[TO DO]: With the pictures omitted, repeat exactly the lines below starting with the line that has "Senior Baseball Schedule" and going on through the line that has "Libas Green Shirt".

[DATA EXTRACTS]:
◆ ◆ ◆ ◆ ◆
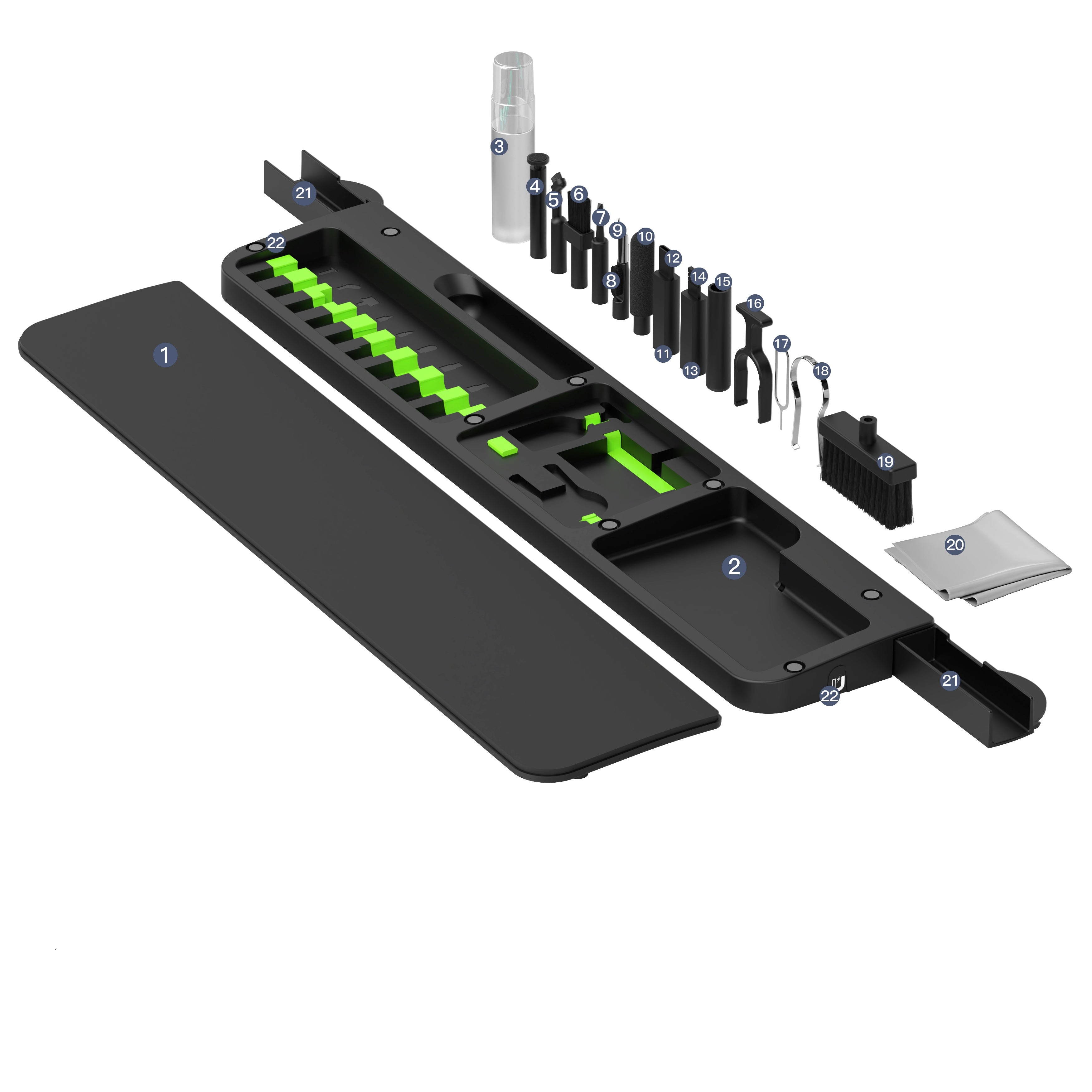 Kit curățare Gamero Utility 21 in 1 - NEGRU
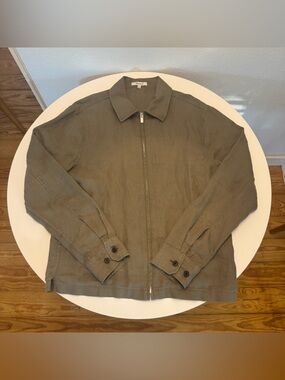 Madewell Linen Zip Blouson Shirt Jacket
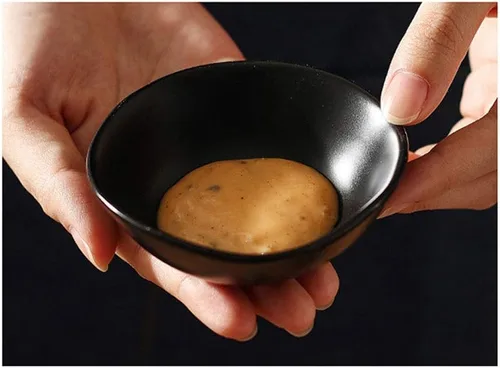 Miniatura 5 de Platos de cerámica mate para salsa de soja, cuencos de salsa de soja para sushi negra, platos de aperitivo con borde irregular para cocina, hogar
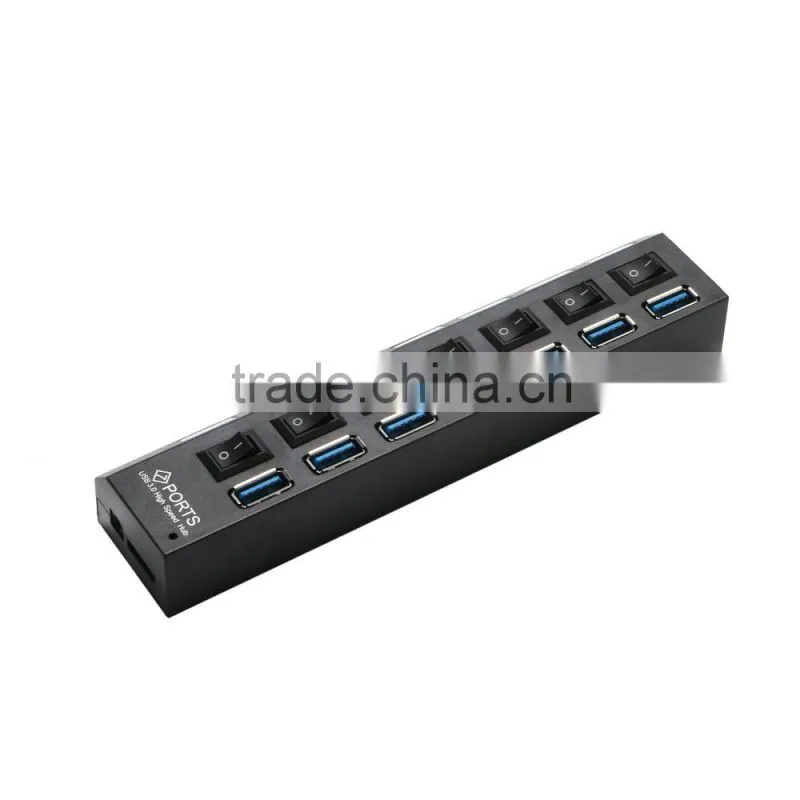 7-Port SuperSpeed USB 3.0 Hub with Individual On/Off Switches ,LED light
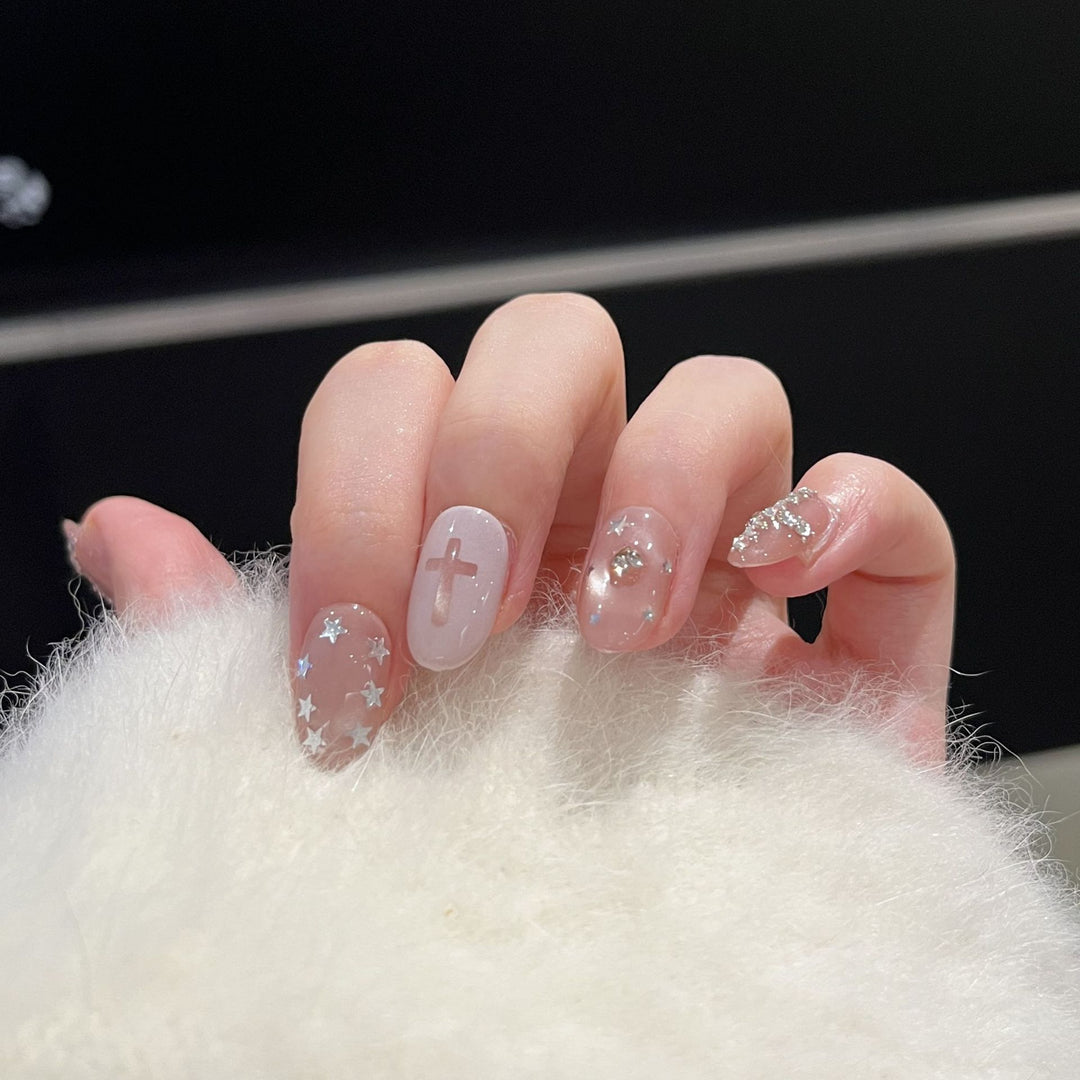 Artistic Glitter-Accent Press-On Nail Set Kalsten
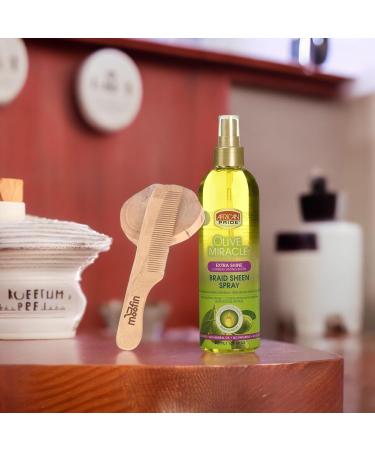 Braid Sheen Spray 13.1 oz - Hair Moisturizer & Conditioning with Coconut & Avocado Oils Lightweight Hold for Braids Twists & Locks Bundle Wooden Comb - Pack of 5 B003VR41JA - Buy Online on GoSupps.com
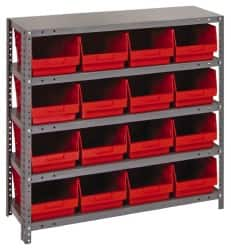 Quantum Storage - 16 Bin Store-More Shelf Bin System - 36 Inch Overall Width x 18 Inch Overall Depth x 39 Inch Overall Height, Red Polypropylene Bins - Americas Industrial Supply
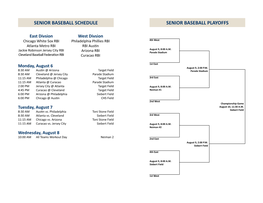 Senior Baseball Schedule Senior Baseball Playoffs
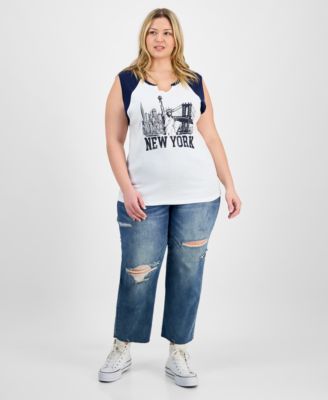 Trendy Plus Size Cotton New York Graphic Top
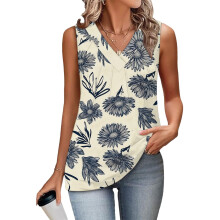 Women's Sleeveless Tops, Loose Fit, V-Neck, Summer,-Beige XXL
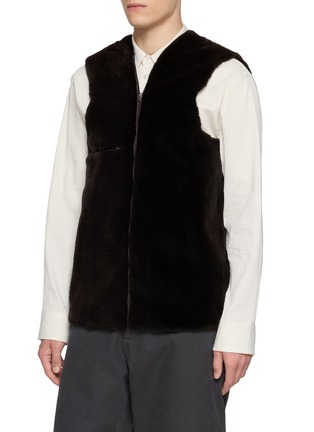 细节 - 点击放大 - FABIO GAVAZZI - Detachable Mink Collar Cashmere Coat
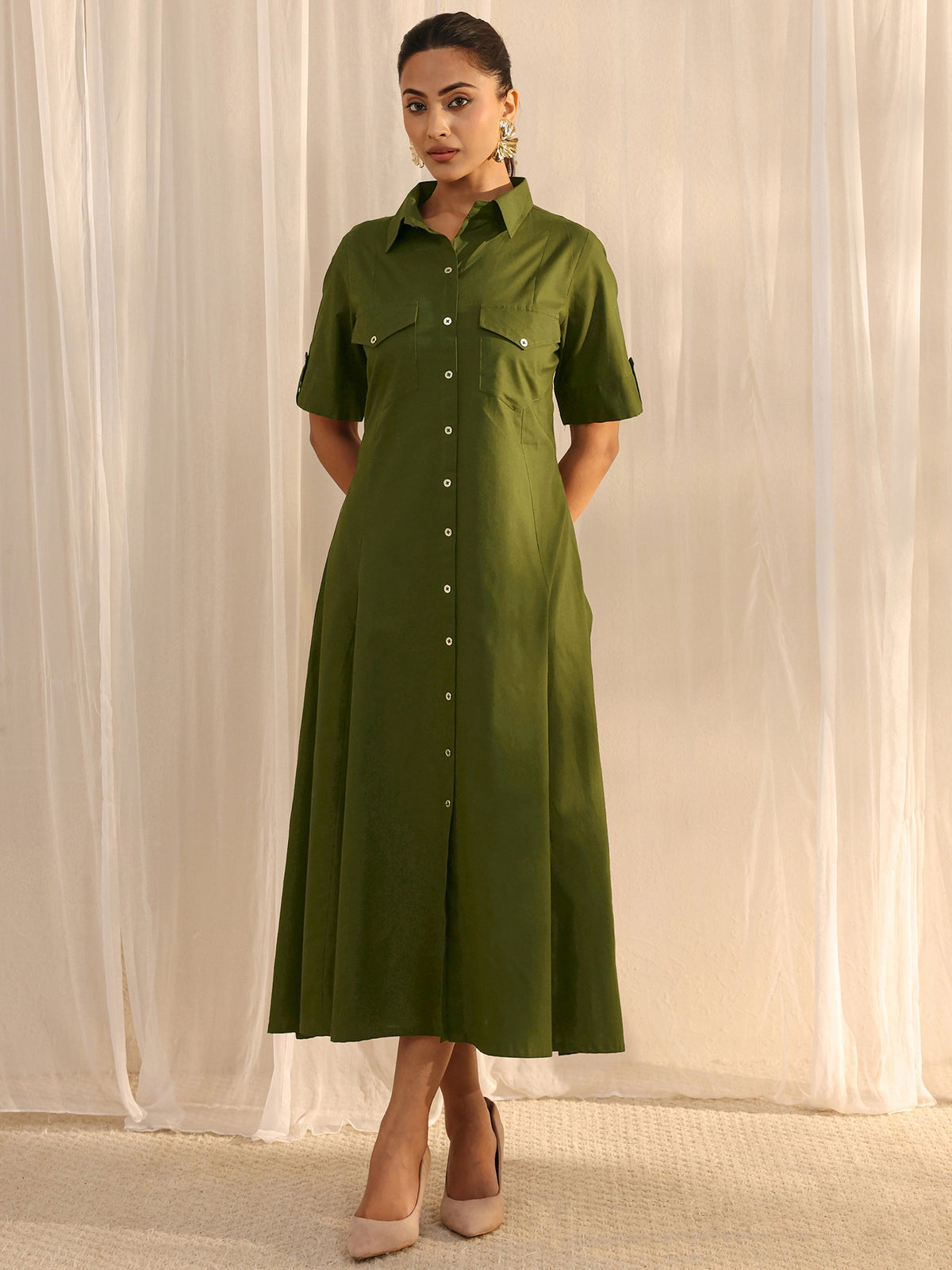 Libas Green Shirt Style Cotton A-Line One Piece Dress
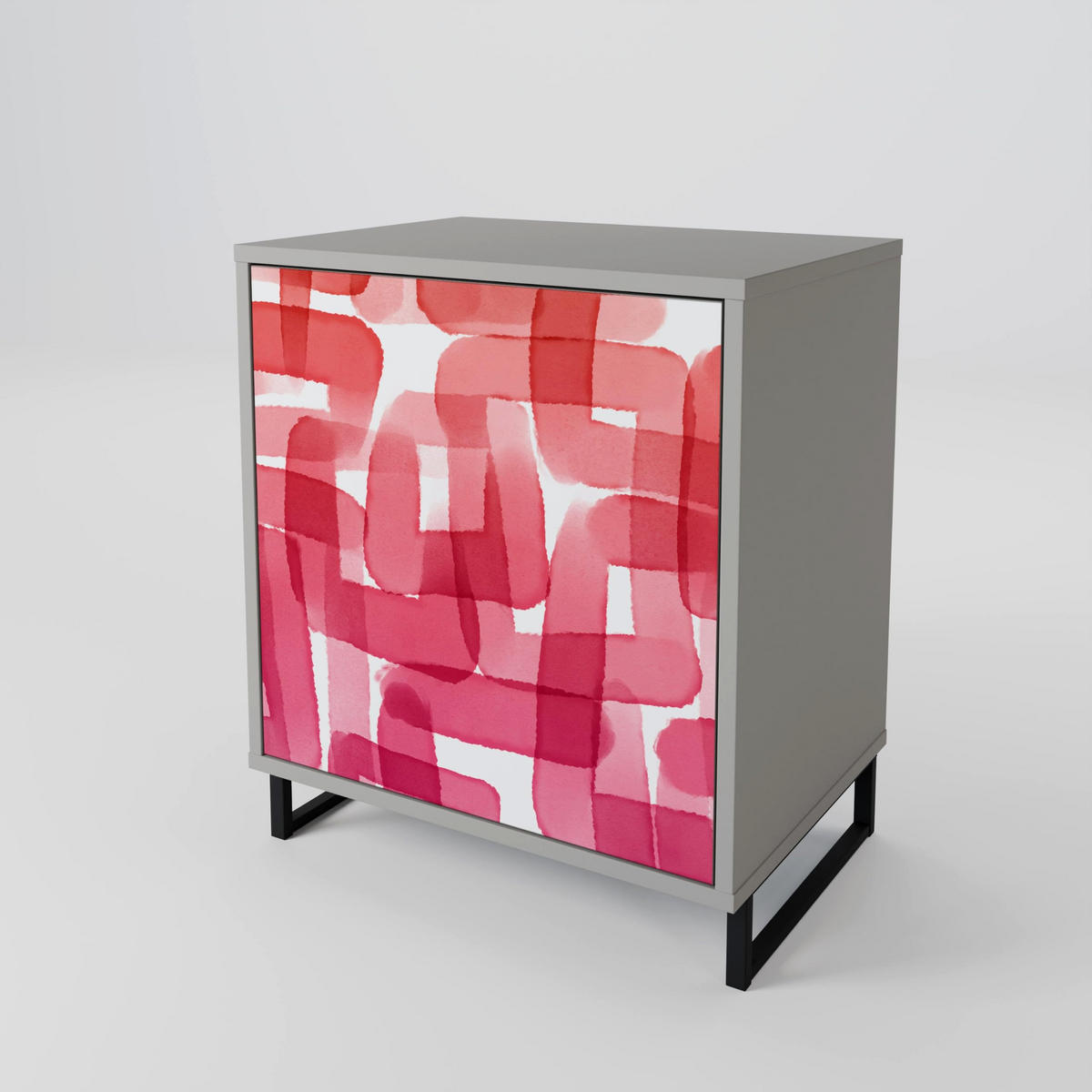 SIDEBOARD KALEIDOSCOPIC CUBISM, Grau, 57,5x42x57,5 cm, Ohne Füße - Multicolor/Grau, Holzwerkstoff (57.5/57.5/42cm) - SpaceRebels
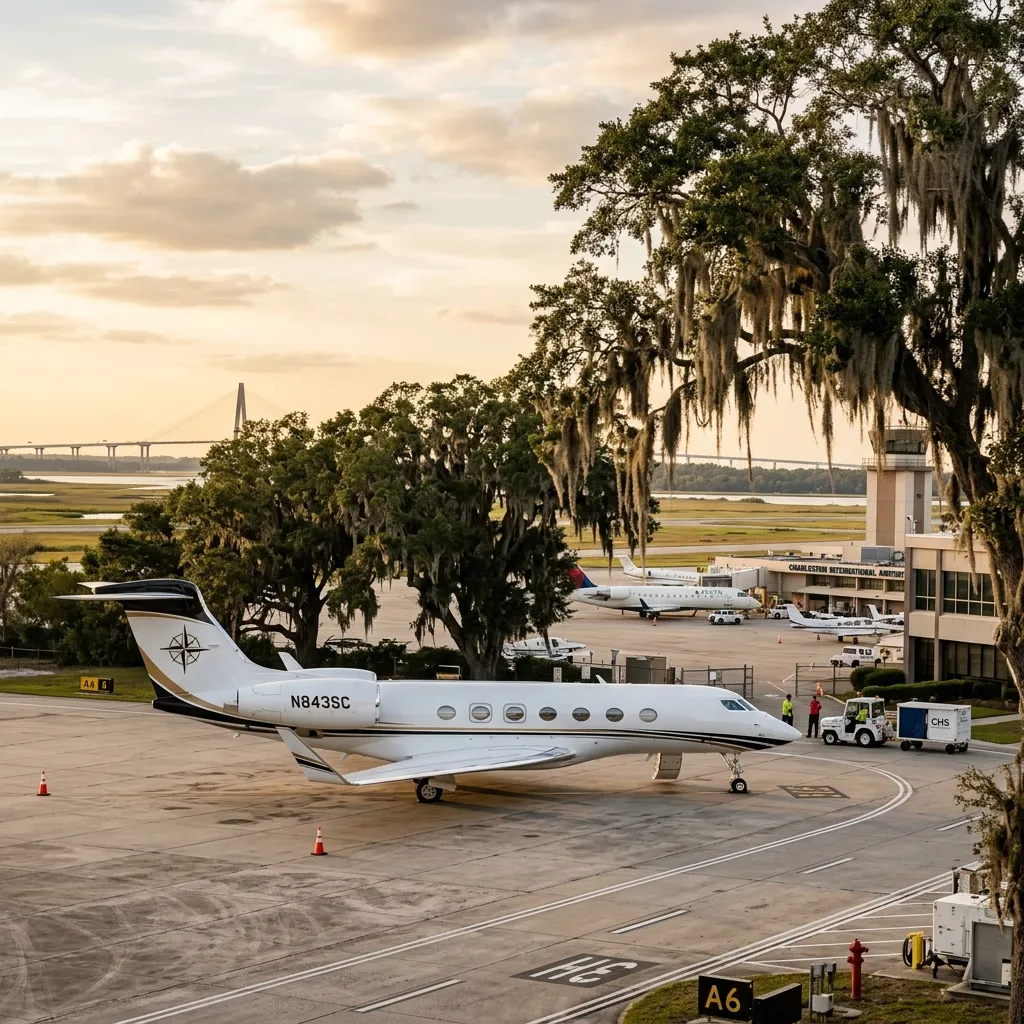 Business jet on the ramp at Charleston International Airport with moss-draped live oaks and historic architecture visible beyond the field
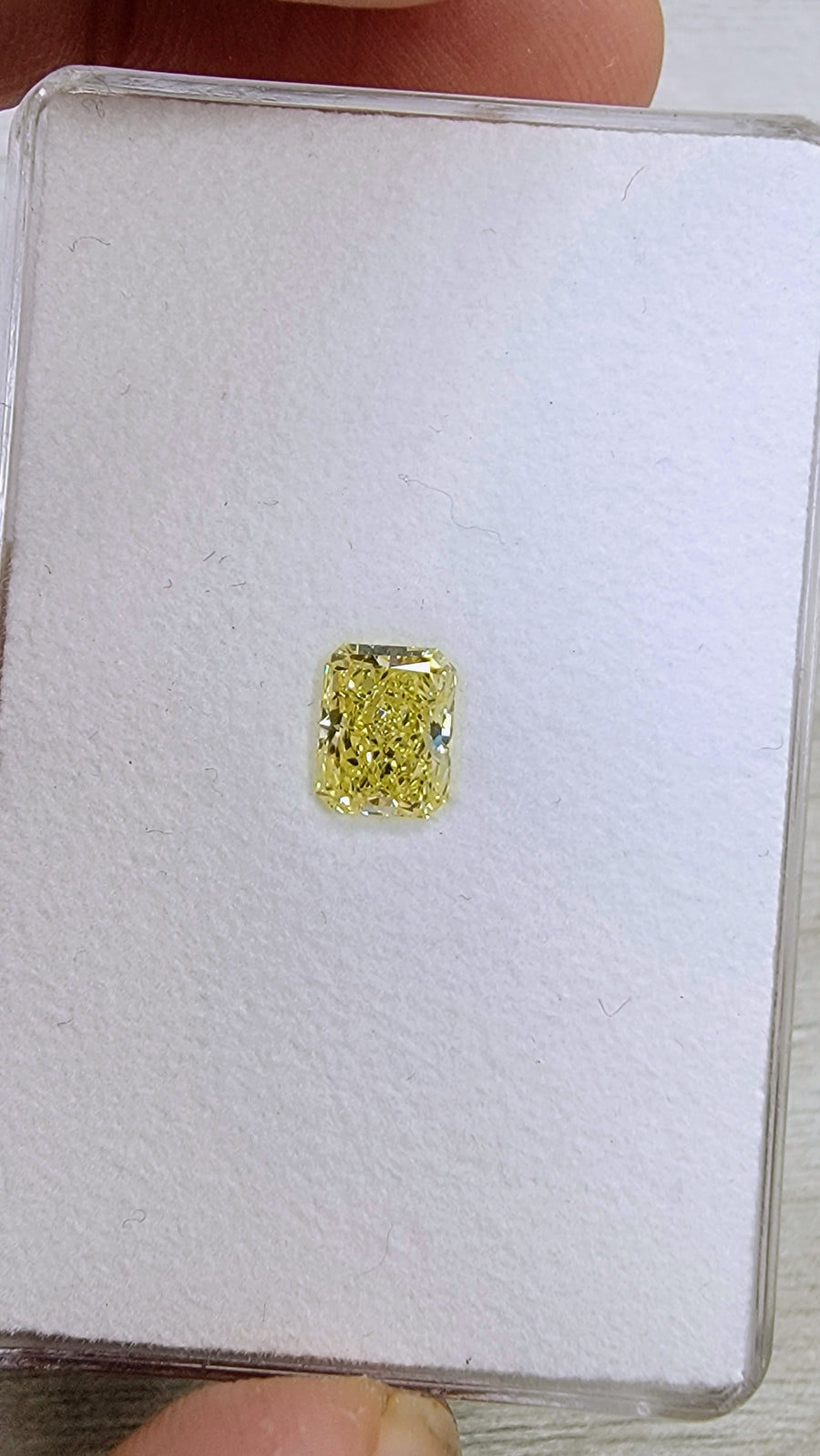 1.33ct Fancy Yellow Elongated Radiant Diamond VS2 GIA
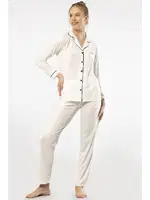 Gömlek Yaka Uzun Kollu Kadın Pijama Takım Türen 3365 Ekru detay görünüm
◆ ◆ ◆ ◆ ◆
[SOLUTION FOR THIS PROBLEM]:
 Senior Baseball Schedule Senior Baseball Playoffs
 Trendy Plus Size Cotton New York Graphic Top
 Women's Sleeveless Tops, Loose Fit, V-Neck, Summer,-Beige XXL
 细节 - 点击放大 - FABIO GAVAZZI - Detachable Mink Collar Cashmere Coat
 Libas Green Shirt Style Cotton A-Line One Piece Dress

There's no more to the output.